The Indian Army entered Jessore Tuesday after a lightning thrust which splintered the Pakistani forces and put them to flight.
Tanks and armoured personnel carriers thundered past rows of shabby rundown shops, most of them locked and shuttered.
Turbaned Sikhs and brown-faced little Gurkha riflemen mingled with the crowd as cheerleaders led them in their chant of “Joi Bangla!” -Long live Bengal!
For the survivors of Jessore, an independent Bangladesh at last had become more than a cherished dream.
Out in the streets, too, were the Mukti Bahini, nationalist guerrillas who have waged an eight-month war of sabotage and against President A. M. Yahya Khan’s Army.
Modern automatic rifles, supplied by India, were slung over their shoulder, and light machine-guns.
They played a minor role in the battle of Jessore. But there was a swagger in their walk as they enjoyed the day of triumph. Major-General Dalbir Singh, whose division conquered this Pakistani barracks city, said if the enemy “had fought sensibly we should have been fighting here for a month”.
General Singh, Commander of the Indian 9th Division, said an antitank ditch and a little Maginot Line surrounded Jessore, but his troops entered almost unopposed.
His report had little in common with official accounts issued by Army spokesmen in Calcutta.
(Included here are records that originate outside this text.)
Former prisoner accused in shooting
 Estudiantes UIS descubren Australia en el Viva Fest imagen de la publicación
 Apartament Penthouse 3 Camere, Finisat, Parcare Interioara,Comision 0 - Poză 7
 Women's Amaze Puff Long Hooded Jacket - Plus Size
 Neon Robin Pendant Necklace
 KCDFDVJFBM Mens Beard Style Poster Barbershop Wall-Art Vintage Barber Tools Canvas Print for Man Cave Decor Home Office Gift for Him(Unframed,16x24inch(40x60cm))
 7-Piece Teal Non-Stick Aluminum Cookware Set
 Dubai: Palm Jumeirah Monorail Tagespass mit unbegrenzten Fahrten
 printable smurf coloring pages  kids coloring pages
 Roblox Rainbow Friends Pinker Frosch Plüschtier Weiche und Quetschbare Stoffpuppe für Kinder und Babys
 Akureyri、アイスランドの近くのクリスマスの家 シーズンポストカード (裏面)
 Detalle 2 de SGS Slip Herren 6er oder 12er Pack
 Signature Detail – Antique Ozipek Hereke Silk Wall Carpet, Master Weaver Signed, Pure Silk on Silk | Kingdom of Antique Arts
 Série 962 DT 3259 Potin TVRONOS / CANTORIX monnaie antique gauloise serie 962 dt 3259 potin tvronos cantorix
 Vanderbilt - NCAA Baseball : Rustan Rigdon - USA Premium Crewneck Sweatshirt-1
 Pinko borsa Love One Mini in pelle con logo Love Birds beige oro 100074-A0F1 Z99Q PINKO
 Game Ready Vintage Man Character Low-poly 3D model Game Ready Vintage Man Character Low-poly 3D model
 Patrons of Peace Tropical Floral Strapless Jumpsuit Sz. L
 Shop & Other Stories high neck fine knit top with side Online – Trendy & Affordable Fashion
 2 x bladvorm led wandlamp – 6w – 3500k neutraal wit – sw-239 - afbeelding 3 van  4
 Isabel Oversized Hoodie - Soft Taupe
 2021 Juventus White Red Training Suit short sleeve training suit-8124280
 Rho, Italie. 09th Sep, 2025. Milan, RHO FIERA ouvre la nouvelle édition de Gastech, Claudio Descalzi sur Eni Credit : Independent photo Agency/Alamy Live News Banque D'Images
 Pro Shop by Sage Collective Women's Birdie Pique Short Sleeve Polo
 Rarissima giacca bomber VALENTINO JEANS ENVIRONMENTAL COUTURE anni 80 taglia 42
They told of fierce fighting in Jessore.
Most of the fighting took place well away from the town General Singh remarked of the Pakistanis: “They have been fighting since April and are fairly disorganized”. Shell-fire has blasted an occasional house, but otherwise Jessore is little damaged. Most of the Pakistanis now are withdrawing toward the port and mill town of Chalna..
“I’ve got some of them in a pocket and even for the rest there is no way out”. General Singh added. “I don’t want to kill them yet. I want to catch them. I’m of a gentle nature.”